As far as I know (born to fly) is a song title.
However, it means in Arabic :
*خـُـلق ليطير**
*
Don't hesitate to ask always about Arabic, and I'll be there


----------



## KiteLoop

Thanks a lot Nightstar. I am sure it will make a wonderful calligraphy!
Will keep hanging around this precious forum. So speak you soon!


----------



## كلمات

خلق means created, born means ولد. However sometimes خلق is used to denote the same meaning.
يطير is correct, but on a personal note, I prefer (يحلق (في السماء .


----------



## Finland

Hello!





Nightstar said:


> It is my pleasure to help you on this question or any other one.As far as I know (born to fly) is a song title.However, it means in Arabic :خـُـلق ليطير[/SIZE]


I don't want to disqualify Nightstar's suggestion but just wanted to point out that in the expression "Born to fly" different persons can be implied. It can mean, implicitely "(I was) born to fly" just as well as "((s)he/it/this... was) born to fly". This translation is for the 3rd person, and in order to imply "I was born to fly", it would be خلقت ليطير. HTHS


----------



## Kinan

كلمات said:


> خلق means created, born means ولد. However sometimes خلق is used to denote the same meaning.
> يطير is correct, but on a personal note, I prefer (يحلق (في السماء .
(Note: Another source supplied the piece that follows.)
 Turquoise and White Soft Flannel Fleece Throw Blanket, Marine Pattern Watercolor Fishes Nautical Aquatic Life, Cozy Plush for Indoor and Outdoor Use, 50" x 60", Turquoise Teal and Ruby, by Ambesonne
If we are talking about a bird or anything that flies, we should use خلق ليطير as NightStar correctly suggested, but if we are talking about a human being for example then we can say ولد ليطير . However, we can still use خلق ليطير with anything, human being included, as it gives a stronger attitude.


----------



## Kinan

Finland said:


> Hello!I don't want to disqualify Nightstar's suggestion but just wanted to point out that in the expression "Born to fly" different persons can be implied. It can mean, implicitely "(I was) born to fly" just as well as "((s)he/it/this... was) born to fly". This translation is for the 3rd person, and in order to imply "I was born to fly", it would be خلقت ليطير. HTHS



It's خلقت لأطير


----------



## KiteLoop

Thanks for all the clarifications. Arabic is such a rich language! 
I should have pointed out that this was referring to my kite - so the خلق ليطير looks more appropriate.
Can I ask you to write it with the vowel? It will help me with the pronunciation. Much appreciated!
KL


----------



## Kinan

خُلِقَ لِيَطيرْ


----------



## KiteLoop

Great, thanks. The pronunciation was totally unpredictable for me otherwise.
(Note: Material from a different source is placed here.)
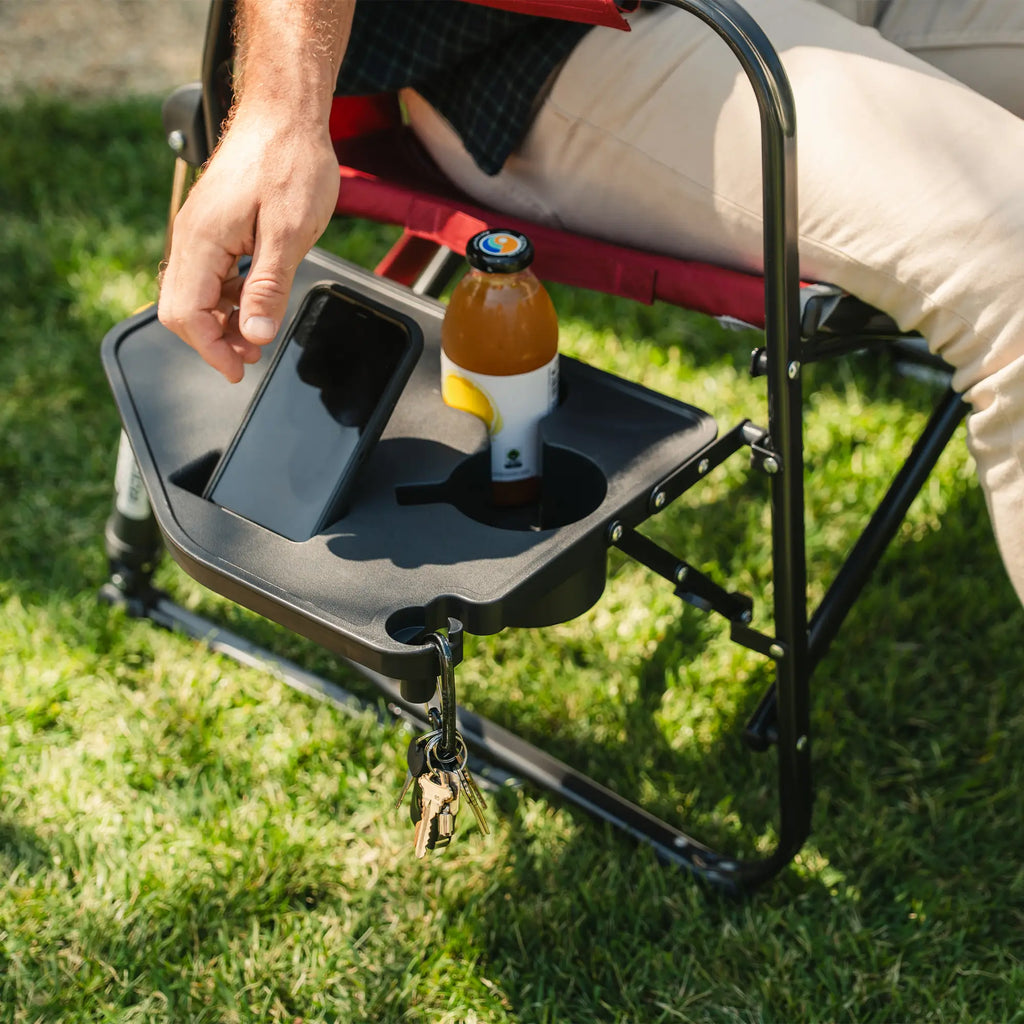 Smooth Motion Freestyle Rocker XL with Side Table - Choice 836 - Heavy-Duty Kickback Rocker with Beverage Holder Detail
Just out of interest, can I ask you the vowels for the خلقت لأطير version and ولد ليطير ?
KL


----------



## Kinan

وُلِدَ ليطير
خُلِقْتُ لأطير


----------



## KiteLoop




----------



## Kinan

By the way, kite is feminine in Arabic طائرة ورقية so you should refer to it accordingly.
خُلِقَتْ لِتَطير


----------



## إسكندراني

You could say it refers to الشراع (the sail) because خلق ليطير sounds more catchy


----------



## Abu Talha

How about أُنْشِئَ لِلطَّيَرانِ , which means something like, "brought into existence to fly"?


----------



## KiteLoop

> How about أُنْشِئَ لِلطَّيَرانِ , which means something like, "brought into existence to fly"?



I like this one too. Written this way, is this applicable to an object, a human, all things in general?


----------



## Kinan

Only for objects "produced".


----------



## إسكندراني

أُنشِئ sounds a lot more like 'manufactured' or 'put together'. Not that catchy here.
If you want an alternative you could use something like الشراع الطائر 'the flying sail' or something like that...


----------



## Kinan

اسكندراني, what's with you and الشراع?


----------



## إسكندراني

Kinan said:


> اسكندراني, what's with you and الشراع?



I like the short خُلق ليطير, although I still prefer خلقت لتطير to أُنشئت and صنعت etc


----------



## ayed

I think you need that context so as to find a good answer, I am sure.


----------